New data from HMRC show that in 2022/23 inheritance tax (IHT) payments hit a new high. Are you going to contribute more?
Many of the pay disputes of the past months have revolved around the way that wage increases have been outpaced by inflation in recent years. However, nobody has yet claimed to have been stuck on the same income for the past 19 years. A policy of ignoring the impact of rising prices for nearly two decades would be impossible.
And yet switch from the subject of earnings to tax and a 19-year freeze goes from unimaginable to reality, as confirmed in the last Budget. The tax in question is IHT and the element subject to the prolonged stasis is the nil rate band.
The band was set at £325,000 in April 2009 and has since been subject to rolling short term freezes. This year’s Budget extended the latest freeze to April 2028. Had any of the eight Chancellors since 2009 decided to restore the real value of the nil rate band with a CPI inflation link, it would now be around £475,000.
That none of the Chancellors chose the thaw option has been highly beneficial to the Exchequer. In 2009/10, the first year of the £325,000 nil rate band, IHT receipts amounted to around £2.4 billion. Figures recently released for 2022/23 show receipts close to tripling at just over £7 billion in the fourteenth year of the freeze.
Mitigating the freeze
IHT has become a tax which now potentially affects many more people, particularly after a surviving spouse or civil partner dies. On first death there is normally no tax to pay because, with limited exceptions, gifts to spouses or civil partners are exempt from IHT. Thus, it is often the children or grandchildren who experience first-hand the full impact of IHT.
If you want to limit the Treasury’s share of your estate, the sooner you start planning, the better.

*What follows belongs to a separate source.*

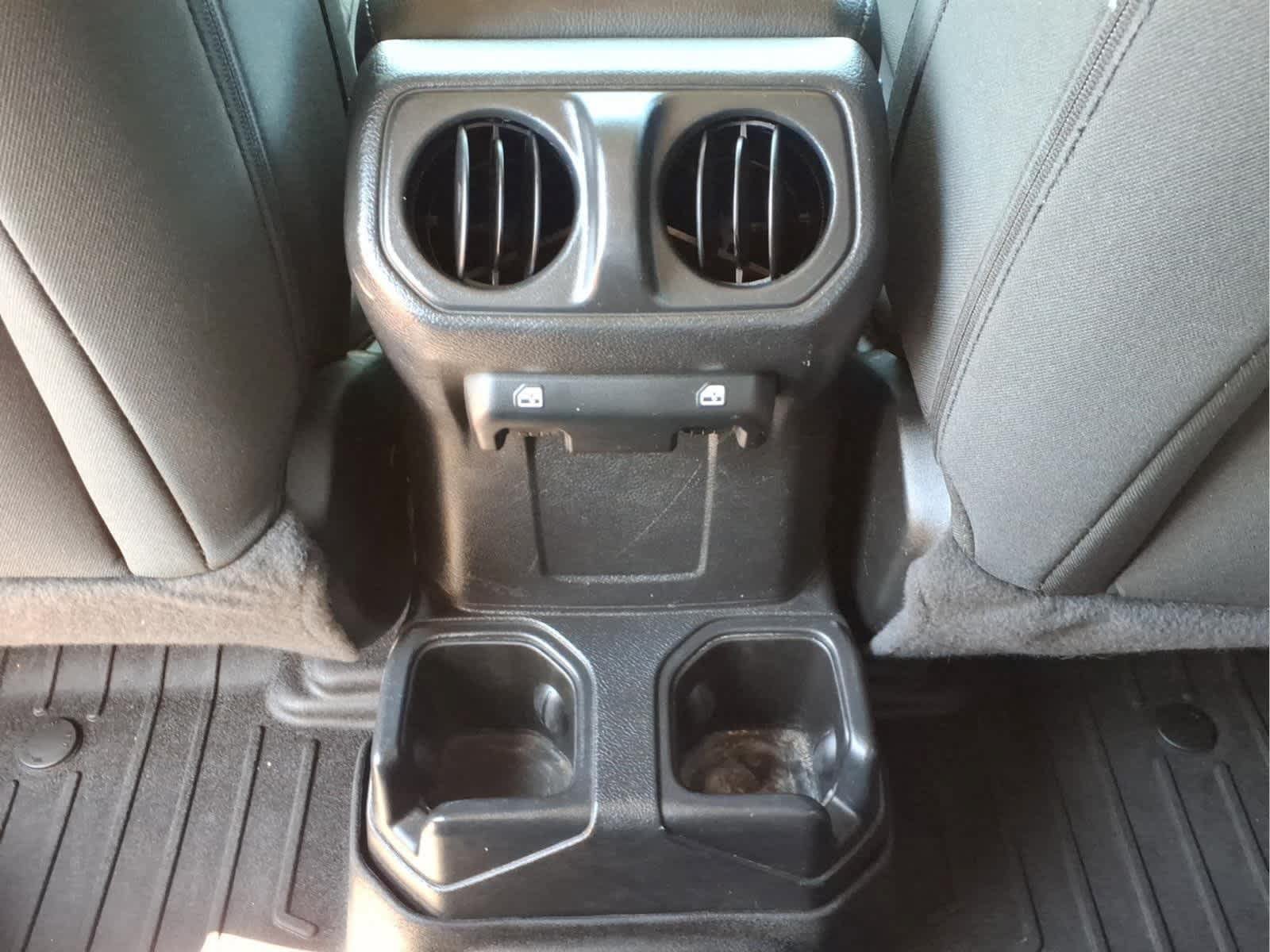 Used 2023 Jeep Wrangler Unlimited Sport AWD/4WD image 30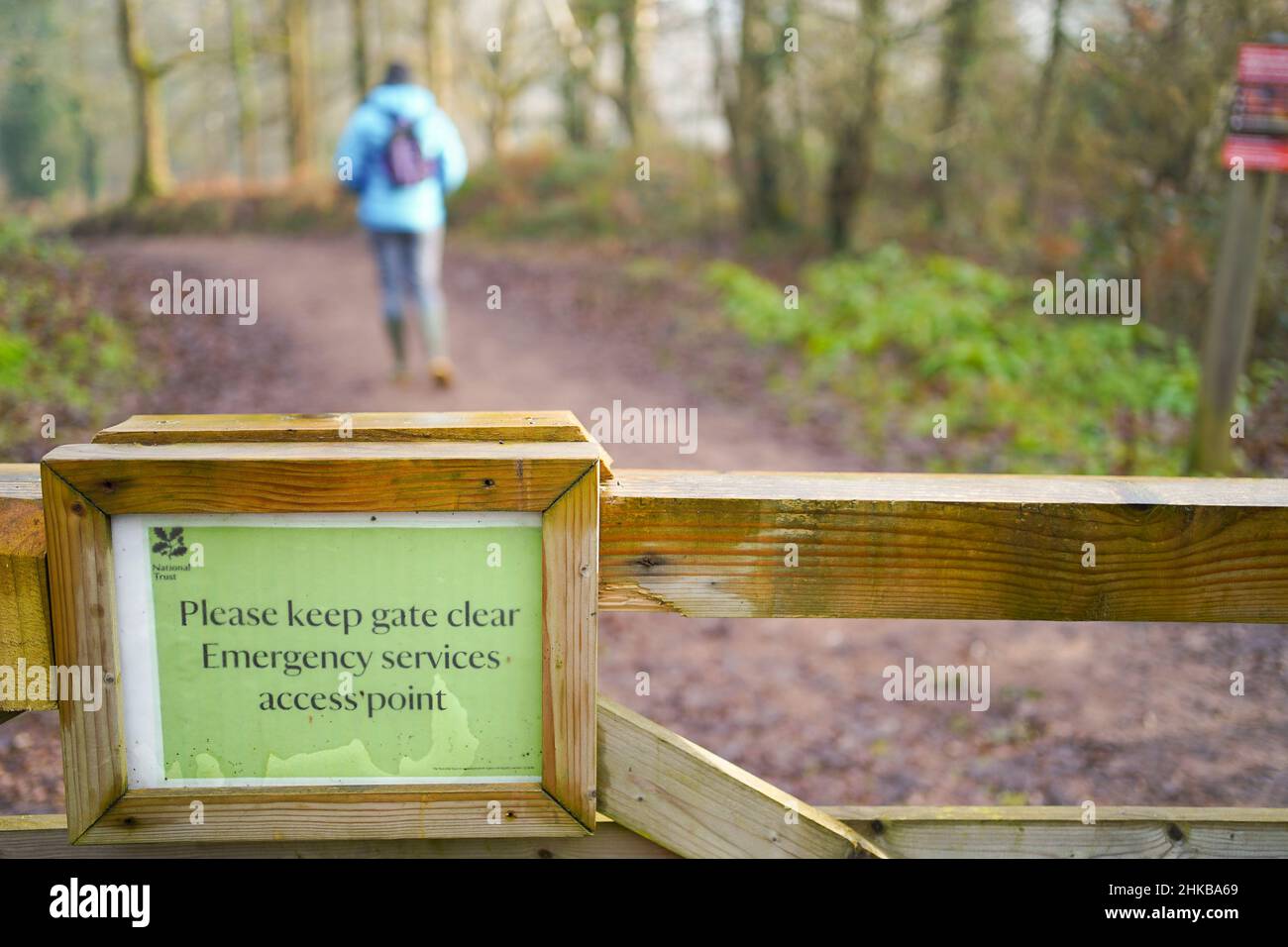 Cartello in legno del National Trust UK che ricorda a escursionisti e a bastoni 'si prega di tenere cancello chiaro, servizi di emergenza - punto di accesso'. Foto Stock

Unfortunately, one of the simplest strategies – making substantial lifetime gifts – is often not a practical option. However, there are other routes to lowering the IHT bill on your estate, including:
- Make the most of pensions: Although the primary role of pension arrangements is to provide income in retirement, legislative changes over the years have turned pensions into a valuable estate planning tool.
- Use the normal expenditure exemption: If you make gifts that are regular, out of normal income and that do not reduce your standard of living, then they are free of IHT. This little-known exemption can be used to give away investment income which you would otherwise allow to accumulate, for example within an ISA.
- Make a will and, if you already have one, keep it up to date: The right will can not only help save IHT, but also means that you choose your beneficiaries rather than leaving the sometimes arbitrary rules of intestacy to decide who gets what.
- Skip a generation: By passing money directly to your grandchildren, you could reduce the IHT your children’s estate will suffer.
IHT planning is best considered as part of your overall financial planning, rather than in isolation. Professional advice is essential to navigate the complexities of the legislation.
For specialist tax advice, please refer to an accountant or tax specialist. The Financial Conduct Authority does not regulate tax advice. Tax treatment varies according to individual circumstances and is subject to change.
The Financial Conduct Authority does not regulate will writing and some forms of estate planning.